▶ **RECORD SET**
──────────────────────────────
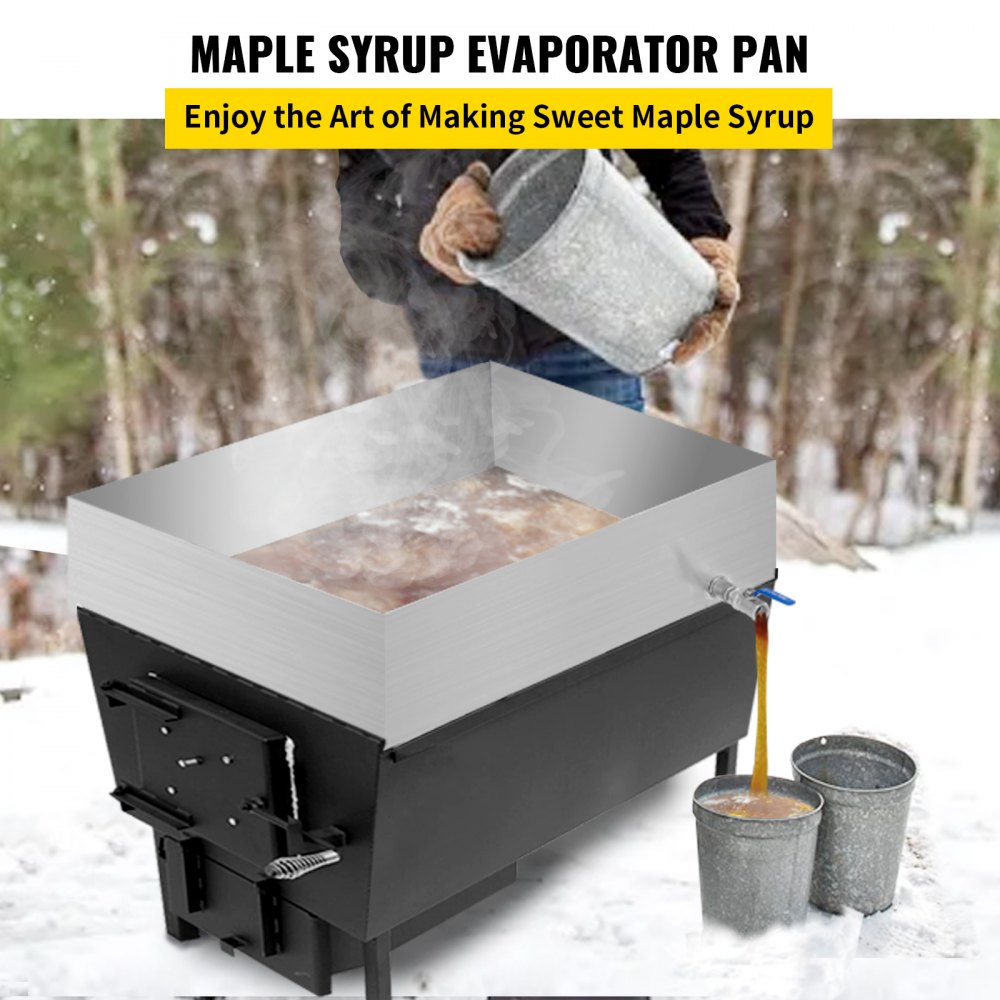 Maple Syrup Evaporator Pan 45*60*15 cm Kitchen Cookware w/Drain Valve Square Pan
──────────────────────────────
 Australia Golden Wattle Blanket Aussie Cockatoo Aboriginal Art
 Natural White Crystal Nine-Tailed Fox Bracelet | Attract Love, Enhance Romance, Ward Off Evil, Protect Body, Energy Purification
──────────────────────────────
▶ **TASK PROMPT**
Which lines above run from the one containing "Australia Golden Wattle" to the one containing "Natural White Crystal"? Give them again exactly, both ends included.

▶ **TASK SOLUTION**
 Australia Golden Wattle Blanket Aussie Cockatoo Aboriginal Art
 Natural White Crystal Nine-Tailed Fox Bracelet | Attract Love, Enhance Romance, Ward Off Evil, Protect Body, Energy Purification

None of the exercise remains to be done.